1990年のブルックリン。14年間毎日、同じ時間に同じ場所で写真を撮り続けるタバコ屋店主のオーギー・レン。彼が営む街角の小さなタバコ屋には、いつも常連客が集まり他愛ない話で盛り上がる…。

タバコ屋の店主オーギーを中心に、様々な人物の心温まる物語が展開される人間ドラマの傑作。
人間は嘘をつかずには生きていけない生き物だが、本作は全編が「優しい嘘」で貫かれている。
その嘘の裏側に見える、人々の優しい心根が感じられる作品だ。

数年前に最愛の妻を亡くして以来、仕事が手につかない煙草屋の常連ポールは作家。
架空の物語の創作は、当然嘘をつくこと。
現実に打ちのめされ、嘘がつくこと(創作)が出来なくなった男だ。
ある日、ポールが不注意で車に轢かれそうになったところをラシードという黒人少年が救う。
感謝したポールはラシードを自分の家に泊めるが、強盗が落とした大金を拾ったために命を狙われている彼は偽名を使う。
過去にオーギーを裏切り、別の男と結婚した恋人ルビーは、「アンタとの間に出来た娘が大変だ」と嘘をつき、オーギーの優しさに頼る。
ラシードは生き別れになった父親を発見し、彼に近づくために、また偽名を使う。
そして、オーギーは書けなくなったポールのためにとっておきの嘘をプレゼントする…。

軸になる人物がどんどん変わっていくが、エピソードが絡み合って、一つの映画になっている脚本構成が素晴らしい。
しかも、どれも心温まるイイ話。
大事件ではなく、少し切ない話ばかりで、良く思いついたモノだと感心する。
まるでオー・ヘンリーの短編集を続けて読むが如き、文学的味わいすらある。

本作は「嘘は良くないことだ!」などとキッパリと否定はしない。
真実が全て良いこととは限らないからだ。
人との関わりの中で大切なのは、嘘をも受け入れることができる器の大きさなのだ、と映画は言いたいに違いない。

「スモーク」とは当然だがタバコのこと。
タバコは身体に悪い害であるが、タバコも嘘も害なのだと断絶せず、辛い人生の中でほんの僅かな時間だけ、上手に受け入れる大らかな度量があれば、人生は豊かになるものだ。
とても洒落た比喩のタイトルである。

特にラストのオーギーの嘘は秀逸である。
財布を落として逃げ去った万引き犯の自宅を訪ねると、盲目のお婆さんがいた。
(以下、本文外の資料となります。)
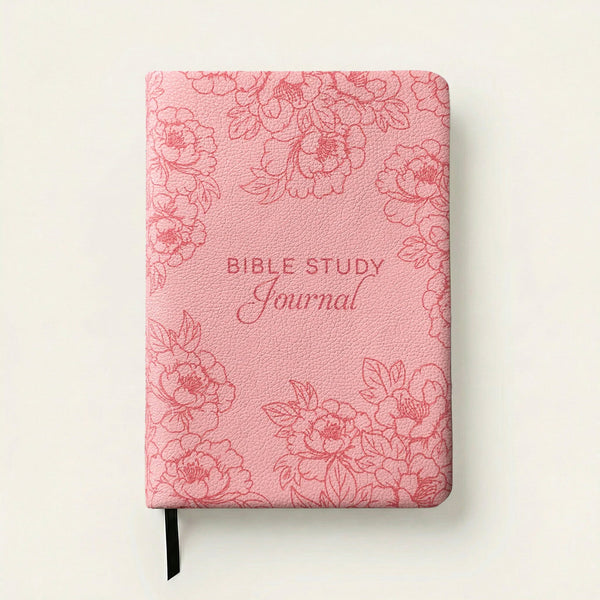 Assured Proverbs 3:5 Bible Study Journal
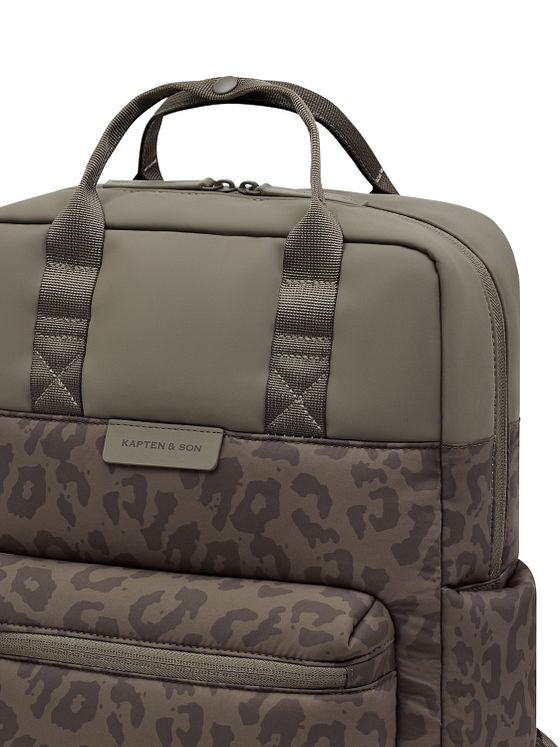 Kapten & Son Bergen Cloud Daypack 39 cm Laptoprum Kapten & Son Bergen Cloud Daypack 39 cm Laptoprum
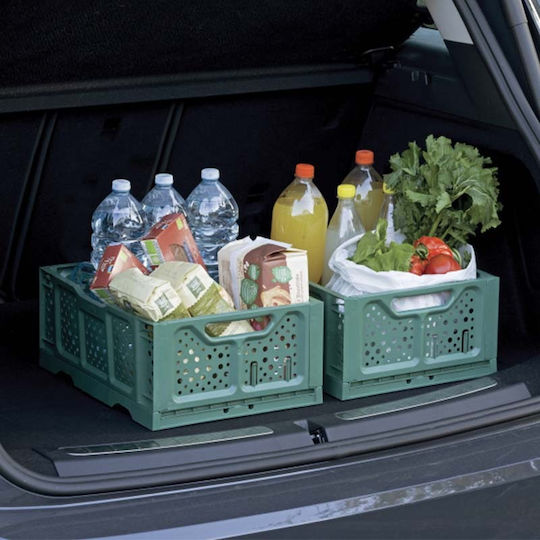 Bama Commercial Crate/Food Basin 20lt 40x30x17cm
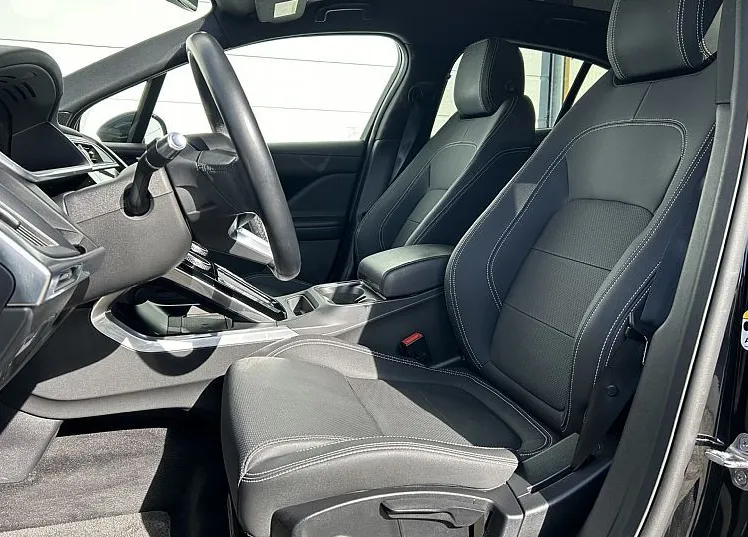 Zunanja slika - Jaguar I-PACE - EV 400 S-OLAJŠAVA40 -LED-NAVI-PDC-KAMERA-ALU20 - 9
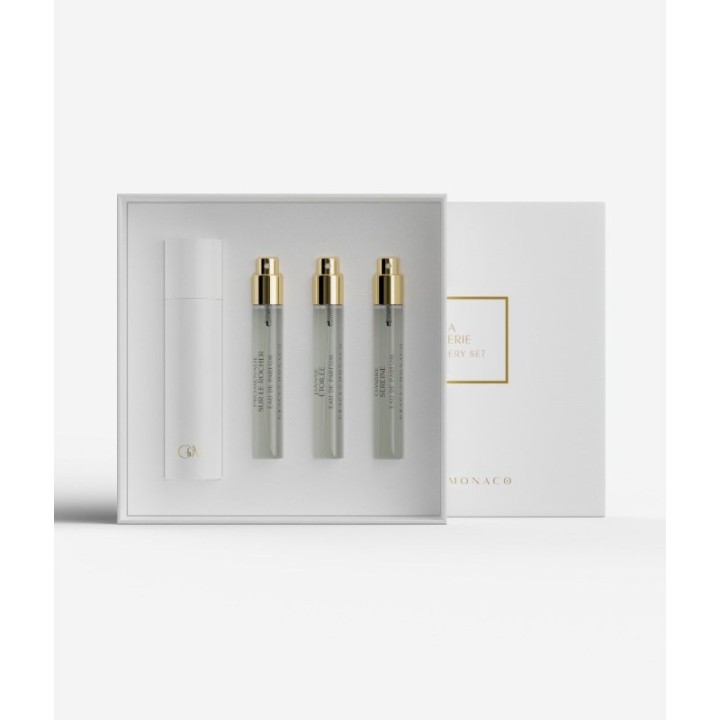 La Rêverie 3-Piece Discovery Set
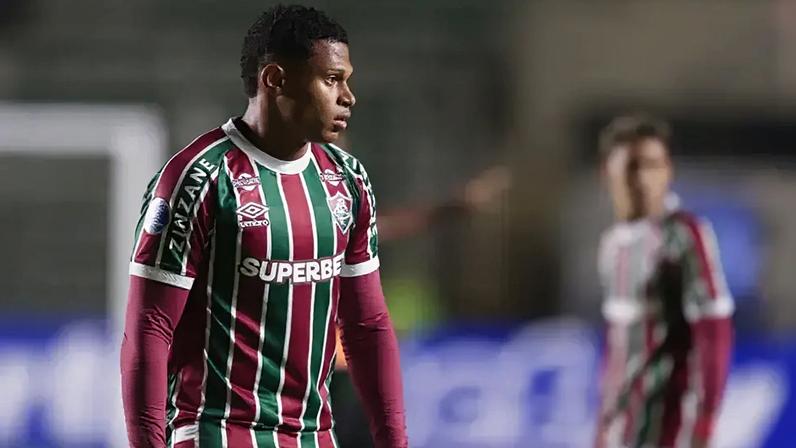 Fluminense confirma saída de atacante para o SJK, da Finlândia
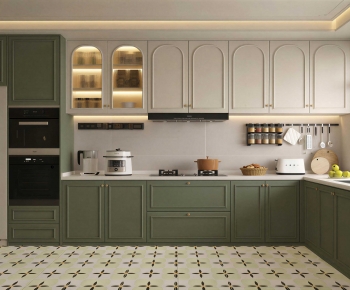 French Style The Kitchen-ID:417349325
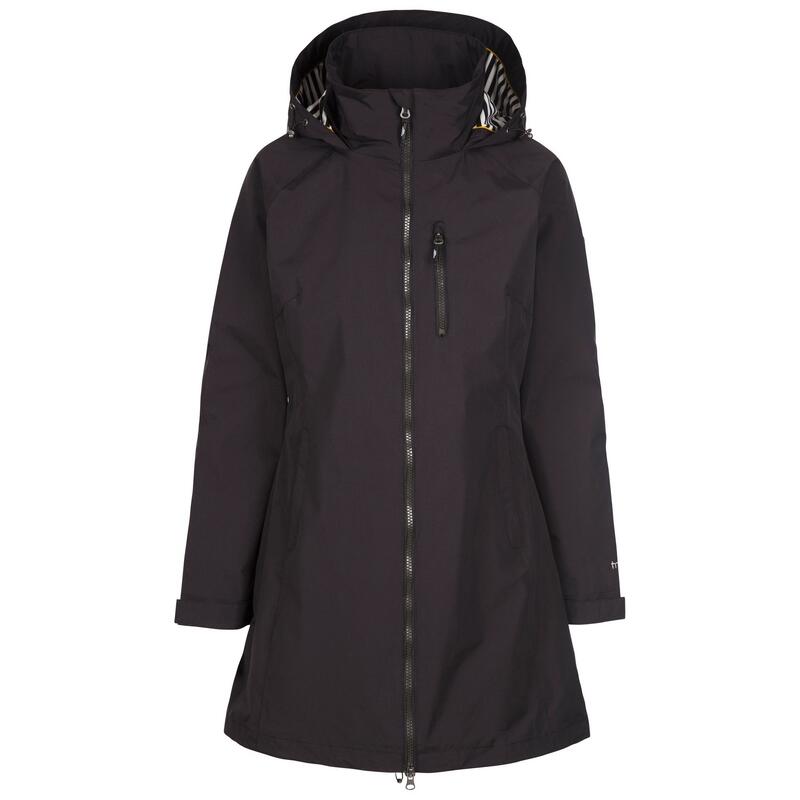 Veste imperméable OCCUPY Femme (Noir)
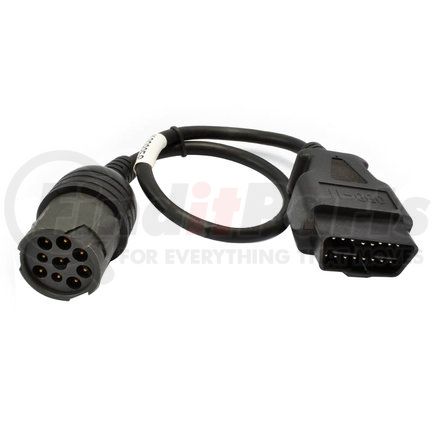 K098856 by BENDIX - Diagnostic Scan Tool Cable - Aftermarket, 0.192 Kilogram, OBD2 Adaptor Cable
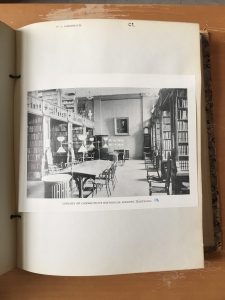 Connecticut Historical Society Library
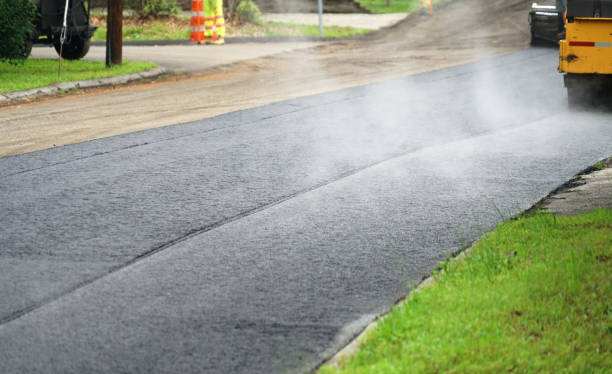 Paver Driveway Replacement in Le Center, MN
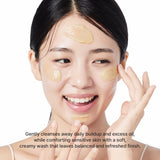 Arencia Calendula Rice Mochi Cleanser - 120g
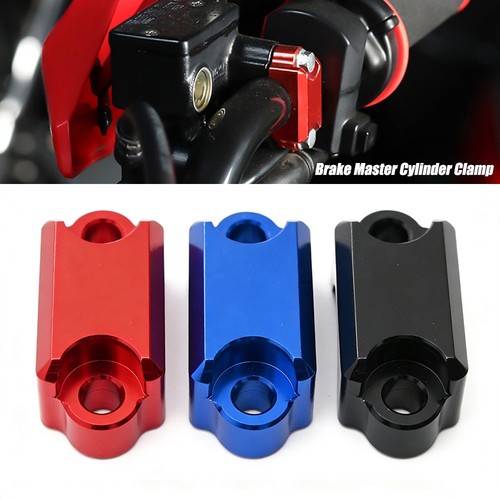 Brake master cylinder clamp - brake,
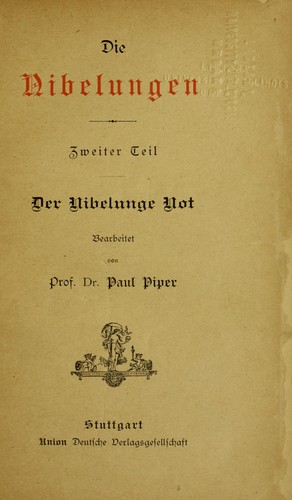 Deutsche National Litteratur by Joseph Ku rschner cover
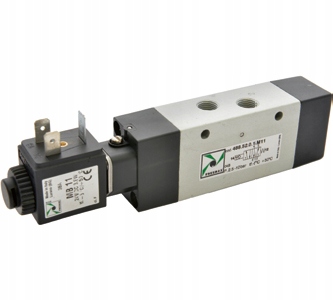 Elektrozawór PNEUMAX 484.52.0.1.M11 24VDC 5/2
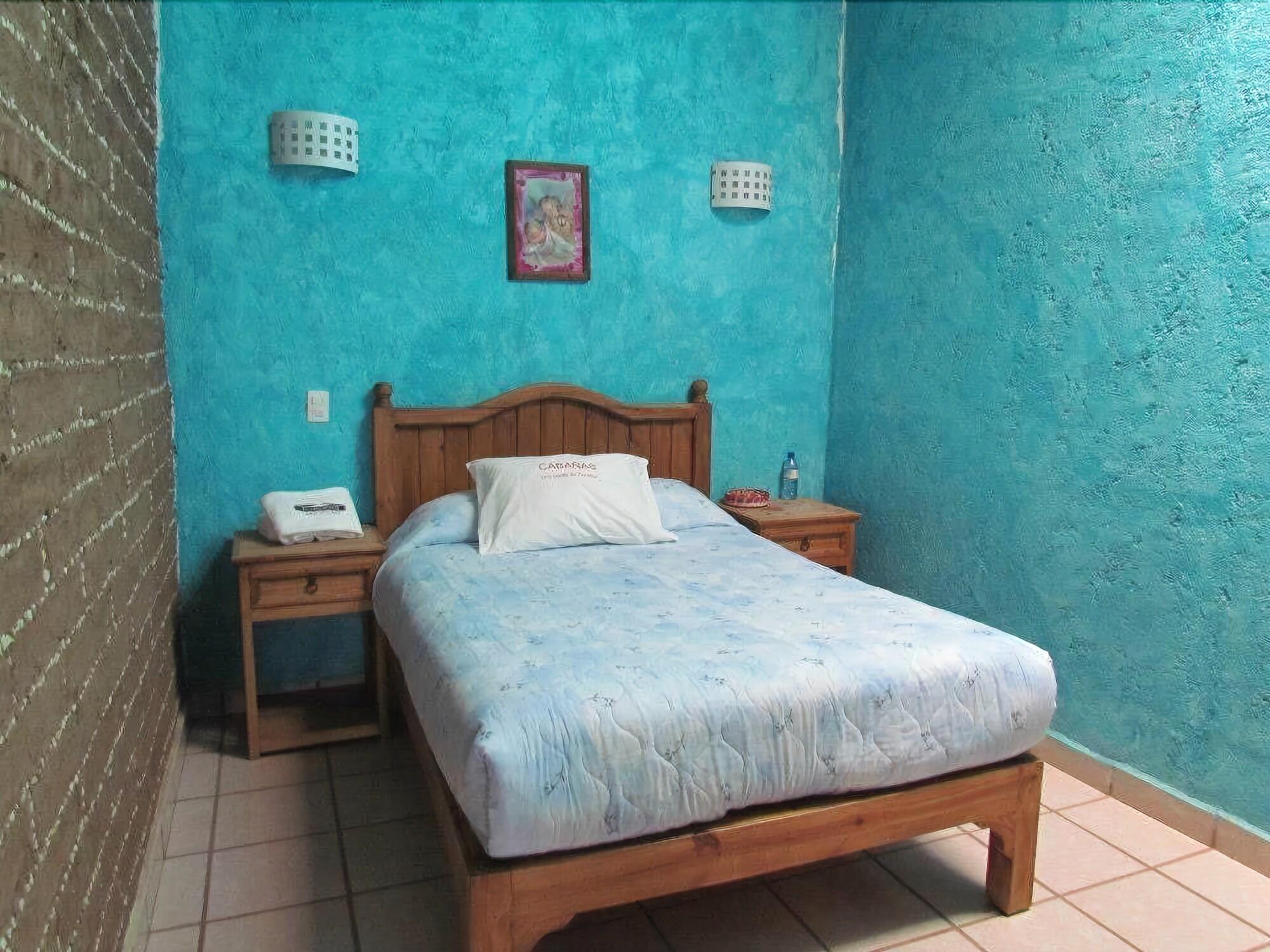 Hotel Y Cabanas Una Cosita De Zacatlan 16/97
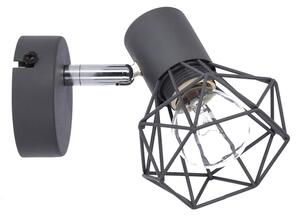 Nástenné bodové svietidlo VERVE 1xE14/40W/230V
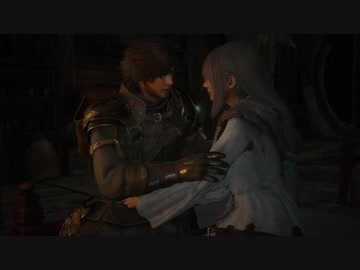 『FF16』を20ミリも知らない俺が実況プレイ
彼女は俺を息子と勘違いした。俺はとっさに息子のフリをした。そして、お婆さんとクリスマスを祝った。
お婆さんとオーギーがお互い嘘だとわかっていながらの交流は、トム・ウェイツのノスタルジックな音楽も相まって、温かく、そしてほろ苦く、胸に迫る。

余談ではあるが、私は喫煙者だ。
近頃の嫌煙の世の中、風当たりはキツい。
臭い消しに消臭スプレーやマウスウォッシュは常備している。
単なる5分〜10分の休憩。
次の仕事に集中するためのリフレッシュなのだが、タバコを吸う分、他人より休憩が多いと非難されることもある。
何と度量の狭い世の中になったことか。

だが、そんな堅苦しい世の中で、この映画のように一服する僅かの間に喫煙所で取り交わされる小噺や交流を、私は捨てる気になどなれない。
オーギーの写真のように、同じ場所でタバコを吸いながらも、いつもとは違う視点が得られるからだ。
一服する間、季節の移ろいや空や雲の変化を眺め、自分の立場と存在を確認できる。
そして喫煙者は、他にその場に誰かいたなら、タバコを1本吸い終わるまでに、本作のようにちょっとした話にオチをつけたがるものだ。
喫煙者ならば、よりこの作品の深みが分かるだろう。